Salt And Sanctuary: Dark Souls and Castlevania had a baby

Ska Studios has made a name for itself with gothic and dark punk rock indie games like The Dishwasher and Charlie Murder. Salt and Sanctuary isn’t an aesthetic stretch for the two-person developer, as it retains the gloomy but undeniably attractive art style of its previous titles. Where Salt and Sanctuary does step away from Ska Studios’ previous titles, however, is its scope.

Salt and Sanctuary, to be blunt, is 2D Dark Souls.

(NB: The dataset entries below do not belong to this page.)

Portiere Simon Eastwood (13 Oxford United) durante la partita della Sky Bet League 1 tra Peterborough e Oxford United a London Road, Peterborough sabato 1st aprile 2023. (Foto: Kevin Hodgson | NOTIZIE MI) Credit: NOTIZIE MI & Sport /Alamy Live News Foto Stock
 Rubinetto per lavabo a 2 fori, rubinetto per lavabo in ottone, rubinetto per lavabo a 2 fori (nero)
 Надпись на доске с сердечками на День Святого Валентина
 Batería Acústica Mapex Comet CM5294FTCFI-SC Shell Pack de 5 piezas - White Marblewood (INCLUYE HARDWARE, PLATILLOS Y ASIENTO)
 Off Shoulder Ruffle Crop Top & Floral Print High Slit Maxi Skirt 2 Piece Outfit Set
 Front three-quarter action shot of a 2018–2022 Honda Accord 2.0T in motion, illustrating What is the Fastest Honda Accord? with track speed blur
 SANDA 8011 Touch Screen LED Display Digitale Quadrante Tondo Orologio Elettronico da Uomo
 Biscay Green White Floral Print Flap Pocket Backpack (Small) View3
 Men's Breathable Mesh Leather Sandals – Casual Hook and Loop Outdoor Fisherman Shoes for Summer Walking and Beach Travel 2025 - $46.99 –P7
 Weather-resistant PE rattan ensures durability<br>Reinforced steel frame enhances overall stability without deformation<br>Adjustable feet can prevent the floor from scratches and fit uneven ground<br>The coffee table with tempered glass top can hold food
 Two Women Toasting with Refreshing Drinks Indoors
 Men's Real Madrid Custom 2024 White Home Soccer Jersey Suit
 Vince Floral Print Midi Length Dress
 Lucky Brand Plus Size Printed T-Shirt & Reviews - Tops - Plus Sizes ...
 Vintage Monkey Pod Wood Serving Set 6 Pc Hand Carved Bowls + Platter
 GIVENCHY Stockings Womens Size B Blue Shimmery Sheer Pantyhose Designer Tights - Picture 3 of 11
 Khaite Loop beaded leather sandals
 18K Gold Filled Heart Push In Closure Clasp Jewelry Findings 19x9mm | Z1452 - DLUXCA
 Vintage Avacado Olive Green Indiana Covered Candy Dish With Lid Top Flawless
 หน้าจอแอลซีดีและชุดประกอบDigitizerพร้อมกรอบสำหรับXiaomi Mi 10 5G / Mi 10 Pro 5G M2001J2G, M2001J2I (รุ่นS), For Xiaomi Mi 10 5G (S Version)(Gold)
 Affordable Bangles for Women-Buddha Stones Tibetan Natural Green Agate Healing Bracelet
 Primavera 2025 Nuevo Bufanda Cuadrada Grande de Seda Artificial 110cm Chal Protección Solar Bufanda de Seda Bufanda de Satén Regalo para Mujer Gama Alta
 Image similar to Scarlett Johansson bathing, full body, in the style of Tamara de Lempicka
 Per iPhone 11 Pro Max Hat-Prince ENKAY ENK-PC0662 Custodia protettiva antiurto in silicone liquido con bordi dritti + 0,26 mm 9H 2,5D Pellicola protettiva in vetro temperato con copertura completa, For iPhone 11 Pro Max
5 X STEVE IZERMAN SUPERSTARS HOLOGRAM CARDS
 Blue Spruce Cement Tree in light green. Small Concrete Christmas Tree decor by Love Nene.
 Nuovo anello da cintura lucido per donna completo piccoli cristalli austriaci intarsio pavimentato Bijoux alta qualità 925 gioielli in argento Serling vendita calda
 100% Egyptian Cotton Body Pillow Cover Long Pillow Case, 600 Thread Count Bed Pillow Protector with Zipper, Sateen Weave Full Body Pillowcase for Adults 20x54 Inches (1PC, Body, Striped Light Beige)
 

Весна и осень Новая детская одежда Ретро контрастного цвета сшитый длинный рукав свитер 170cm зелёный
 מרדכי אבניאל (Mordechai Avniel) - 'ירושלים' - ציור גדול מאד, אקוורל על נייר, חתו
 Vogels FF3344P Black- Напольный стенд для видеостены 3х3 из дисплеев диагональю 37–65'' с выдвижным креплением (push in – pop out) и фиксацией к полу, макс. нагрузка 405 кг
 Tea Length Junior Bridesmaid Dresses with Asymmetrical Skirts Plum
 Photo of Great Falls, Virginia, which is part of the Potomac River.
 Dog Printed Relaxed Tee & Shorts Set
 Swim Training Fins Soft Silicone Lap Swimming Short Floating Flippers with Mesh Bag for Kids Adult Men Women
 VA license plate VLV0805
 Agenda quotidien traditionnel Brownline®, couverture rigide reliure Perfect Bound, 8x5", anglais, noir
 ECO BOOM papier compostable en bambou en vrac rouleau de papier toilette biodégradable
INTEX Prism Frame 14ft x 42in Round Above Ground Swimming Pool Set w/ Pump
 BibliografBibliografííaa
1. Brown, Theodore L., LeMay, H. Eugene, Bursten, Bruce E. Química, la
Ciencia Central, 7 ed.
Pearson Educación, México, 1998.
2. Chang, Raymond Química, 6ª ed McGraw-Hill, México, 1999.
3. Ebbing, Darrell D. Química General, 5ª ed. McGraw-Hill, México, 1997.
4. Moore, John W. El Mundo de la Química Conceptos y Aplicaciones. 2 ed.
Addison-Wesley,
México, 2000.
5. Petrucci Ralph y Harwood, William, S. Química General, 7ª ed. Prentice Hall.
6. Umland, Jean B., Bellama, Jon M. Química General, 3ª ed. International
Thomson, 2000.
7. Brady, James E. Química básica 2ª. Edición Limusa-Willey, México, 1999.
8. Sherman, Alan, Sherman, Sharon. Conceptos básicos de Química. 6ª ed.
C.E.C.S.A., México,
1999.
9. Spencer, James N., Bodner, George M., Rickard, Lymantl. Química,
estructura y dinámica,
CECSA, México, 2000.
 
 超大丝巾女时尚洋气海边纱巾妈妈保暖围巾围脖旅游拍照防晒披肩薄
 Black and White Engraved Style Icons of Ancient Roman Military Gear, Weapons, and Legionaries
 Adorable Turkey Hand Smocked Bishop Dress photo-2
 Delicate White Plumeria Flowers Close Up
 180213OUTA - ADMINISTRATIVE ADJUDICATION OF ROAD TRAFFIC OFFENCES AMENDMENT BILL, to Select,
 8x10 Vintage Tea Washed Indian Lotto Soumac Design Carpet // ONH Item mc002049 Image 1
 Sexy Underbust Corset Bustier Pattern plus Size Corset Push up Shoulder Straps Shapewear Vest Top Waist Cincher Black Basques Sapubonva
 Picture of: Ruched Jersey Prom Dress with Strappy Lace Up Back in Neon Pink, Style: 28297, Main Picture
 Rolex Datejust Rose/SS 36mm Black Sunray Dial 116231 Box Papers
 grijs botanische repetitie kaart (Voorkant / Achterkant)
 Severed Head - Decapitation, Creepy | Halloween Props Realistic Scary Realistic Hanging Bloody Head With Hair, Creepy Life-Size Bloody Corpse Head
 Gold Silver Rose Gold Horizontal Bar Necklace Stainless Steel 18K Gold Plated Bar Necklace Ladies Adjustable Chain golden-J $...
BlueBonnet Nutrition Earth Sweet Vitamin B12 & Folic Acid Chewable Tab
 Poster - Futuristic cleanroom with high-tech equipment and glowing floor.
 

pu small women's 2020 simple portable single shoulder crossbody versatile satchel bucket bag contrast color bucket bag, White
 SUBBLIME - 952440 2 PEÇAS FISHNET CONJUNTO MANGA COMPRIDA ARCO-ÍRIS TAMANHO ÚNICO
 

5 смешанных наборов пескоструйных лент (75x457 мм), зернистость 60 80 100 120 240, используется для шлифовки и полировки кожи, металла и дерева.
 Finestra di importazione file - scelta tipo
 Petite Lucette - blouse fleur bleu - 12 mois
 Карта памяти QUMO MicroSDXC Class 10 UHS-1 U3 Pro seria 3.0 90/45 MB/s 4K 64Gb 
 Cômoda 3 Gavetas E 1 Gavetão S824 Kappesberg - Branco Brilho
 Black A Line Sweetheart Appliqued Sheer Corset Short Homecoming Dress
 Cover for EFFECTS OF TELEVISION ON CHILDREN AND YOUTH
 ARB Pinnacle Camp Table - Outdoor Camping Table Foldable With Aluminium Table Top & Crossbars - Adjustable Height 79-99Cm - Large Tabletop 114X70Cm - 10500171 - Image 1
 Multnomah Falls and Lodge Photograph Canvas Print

Many familiar mechanics from From Software’s increasingly popular Souls series are present here, including a stamina bar, the ability to switch between holding a weapon with one or two hands on the fly, bonfires, and a familiar soul collecting system which here takes the form of salt.


Creator James Silva does not attempt to hide the Dark Souls inspiration, flatly stating Salt and Sanctuary is a game he has personally wanted to play and is happy to see nearing fruition. “The really exciting, cathartic self-actualization part happens when you get to go from being a fan of a game its themes, mechanics, styles, and the like to actually being able to create, experiment, and branch within your own imagining of that universe that you’re such a fan of,” Silva says.

Both Charlie Murder and Ska Studios’ two Dishwasher games were praised for impressive control and satisfying (and violent) combat. That attention to solid Controls and tight combat extends into Salt and Sanctuary. I found myself quickly pulling off leaping combos and rolls without issue while playing a beta build of the game. The platforming is also responsive, making platform navigation easy and fun but that isn’t to imply the whole game is easy.

Another aspect borrowed from Dark Souls is difficulty. Salt and Sanctuary is unforgiving in its training, forcing players to learn by way of experimentation and frequent death. rather than with outlined tutorials. Every death showcases a mysterious creature dragging your lifeless body back to your last check-point and it’s up to you to recollect the salt (i.e. experience) you dropped when you died while fighting your way through the enemies Who have all now respawned.

Deeper in the game, you start to uncover Runes, which further pushes the game away from its Dark Souls inspiration and more toward Castlevania and Super Metroid. Runes are permanent upgrades that help you navigate the environment. One allows you to reach new areas by turning specific clouds into solid platforms, while another flips gravity in certain locations, allowing you to reach new heights that were previously unattainable. Despite the Castlevania and Metroid inspiration, Silva says there are currently no plans to implement a map. “Ideally, areas in the game should be characteristic enough to not require a map,” Silva says, “With the world being as seamlessly interconnected as it is, it’s nice to keep those Dark Souls-esque connections a surprise.”

Despite being very close to a very popular game, Salt and Sanctuary feels original thanks to its merger of 2D platforming and unforgiving combat.